-- WHAT IS EXPECTED --
Which lines below contain the word "مأشر"? Copy each of them.

··· ENTRIES PROVIDED ···

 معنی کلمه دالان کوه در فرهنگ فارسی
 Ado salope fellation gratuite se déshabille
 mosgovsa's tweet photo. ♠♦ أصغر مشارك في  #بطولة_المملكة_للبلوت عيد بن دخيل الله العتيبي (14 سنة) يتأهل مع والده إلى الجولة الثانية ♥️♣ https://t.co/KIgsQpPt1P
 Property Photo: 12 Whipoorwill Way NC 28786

···
··· ENTRIES PROVIDED ···

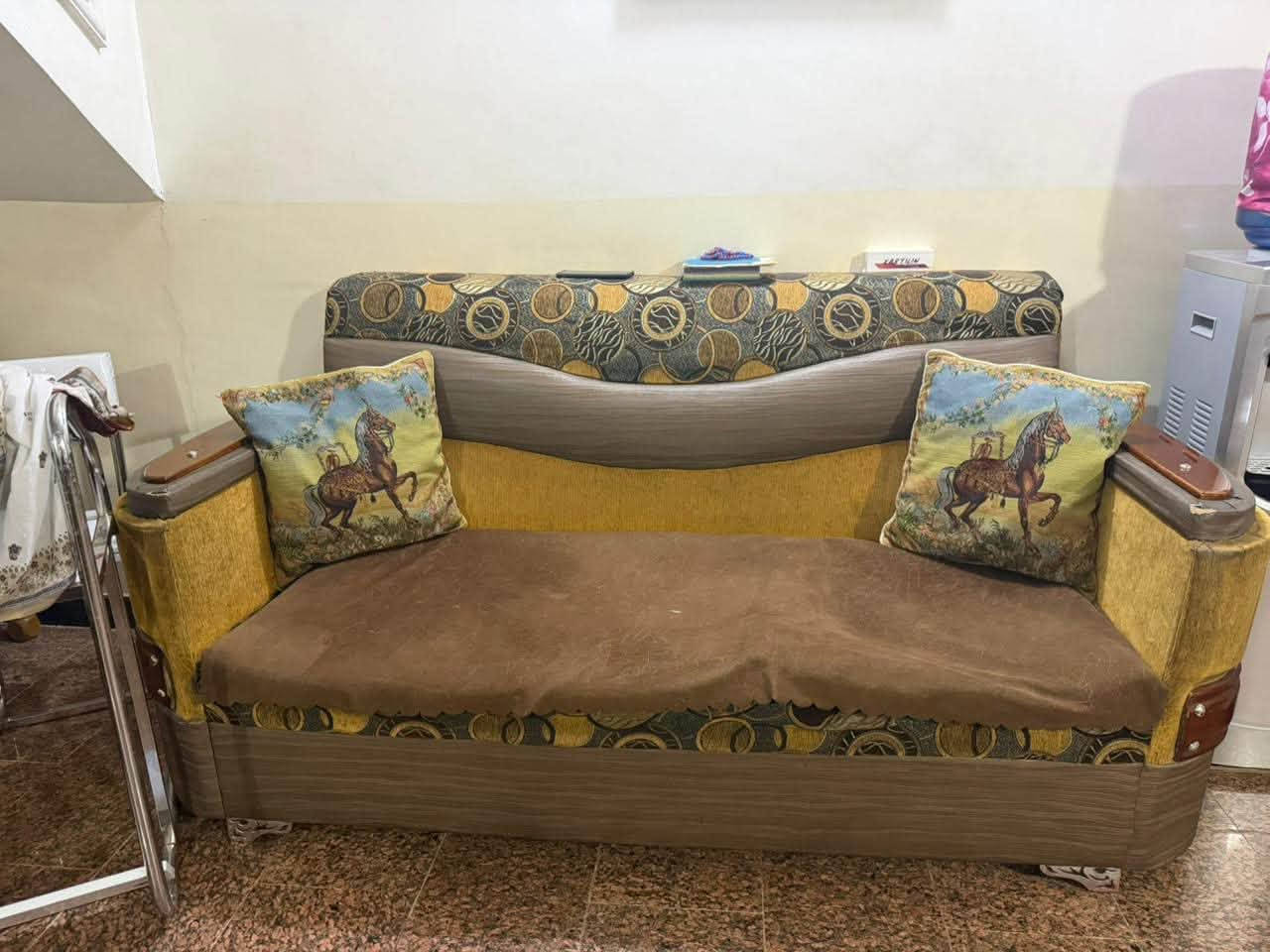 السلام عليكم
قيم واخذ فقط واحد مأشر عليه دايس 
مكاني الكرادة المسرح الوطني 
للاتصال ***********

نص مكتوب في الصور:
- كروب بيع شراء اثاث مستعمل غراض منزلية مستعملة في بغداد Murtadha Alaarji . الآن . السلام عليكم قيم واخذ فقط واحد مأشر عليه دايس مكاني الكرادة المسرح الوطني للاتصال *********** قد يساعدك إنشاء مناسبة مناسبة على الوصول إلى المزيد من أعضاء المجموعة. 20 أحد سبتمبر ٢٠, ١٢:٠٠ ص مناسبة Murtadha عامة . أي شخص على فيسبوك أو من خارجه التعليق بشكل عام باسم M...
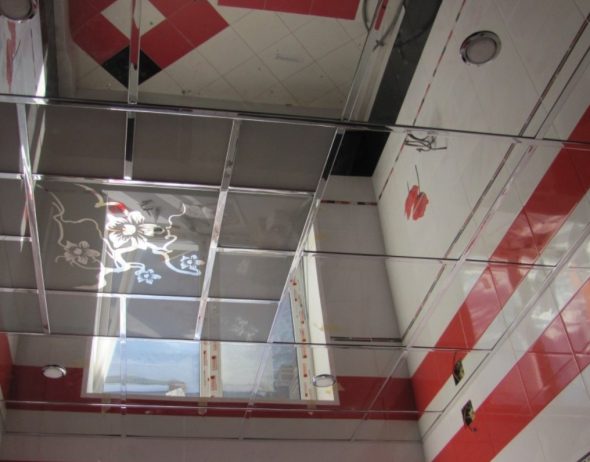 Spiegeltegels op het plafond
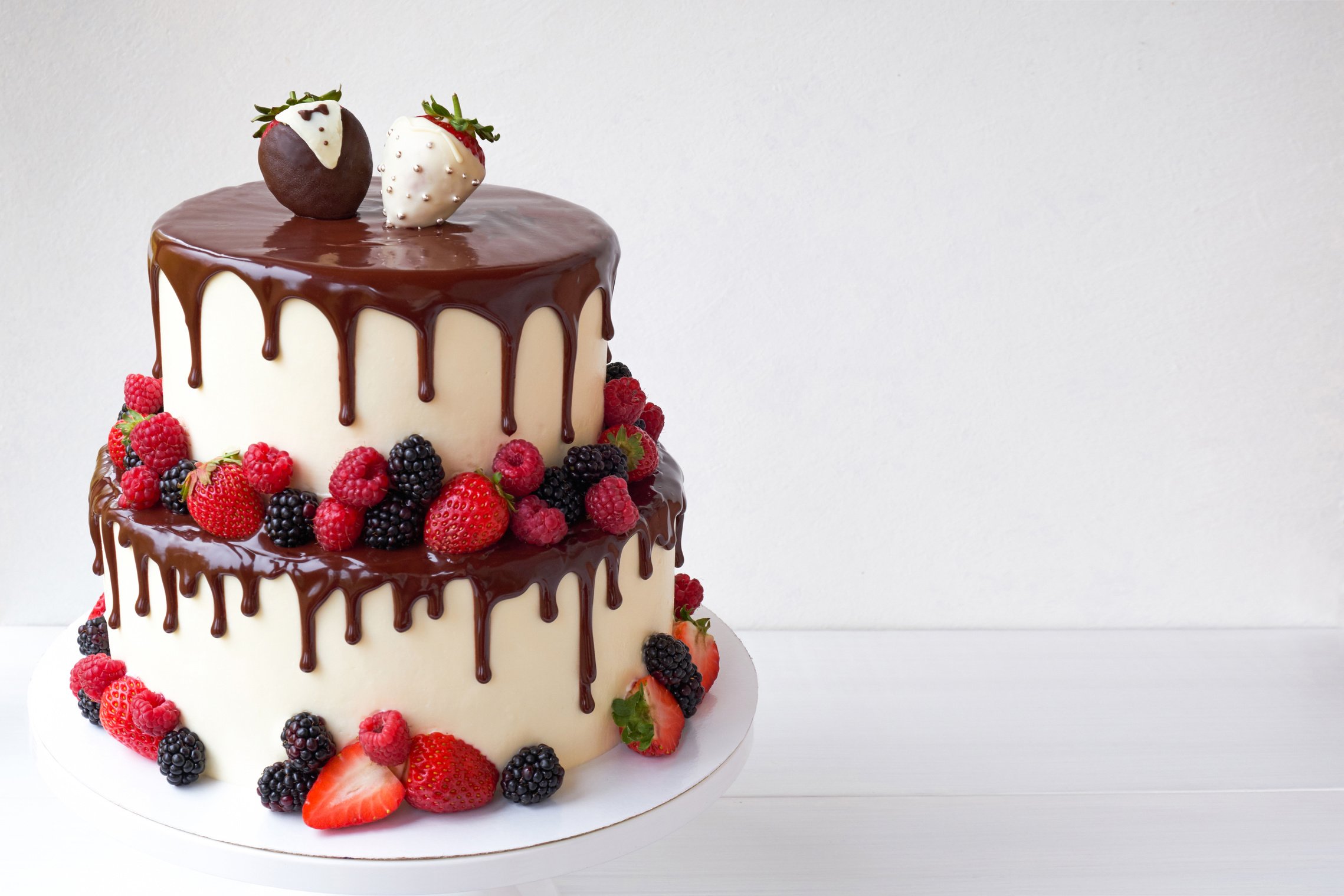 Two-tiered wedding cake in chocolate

···

-- TASK ANSWER --
قيم واخذ فقط واحد مأشر عليه دايس 
- كروب بيع شراء اثاث مستعمل غراض منزلية مستعملة في بغداد Murtadha Alaarji . الآن . السلام عليكم قيم واخذ فقط واحد مأشر عليه دايس مكاني الكرادة المسرح الوطني للاتصال *********** قد يساعدك إنشاء مناسبة مناسبة على الوصول إلى المزيد من أعضاء المجموعة. 20 أحد سبتمبر ٢٠, ١٢:٠٠ ص مناسبة Murtadha عامة . أي شخص على فيسبوك أو من خارجه التعليق بشكل عام باسم M...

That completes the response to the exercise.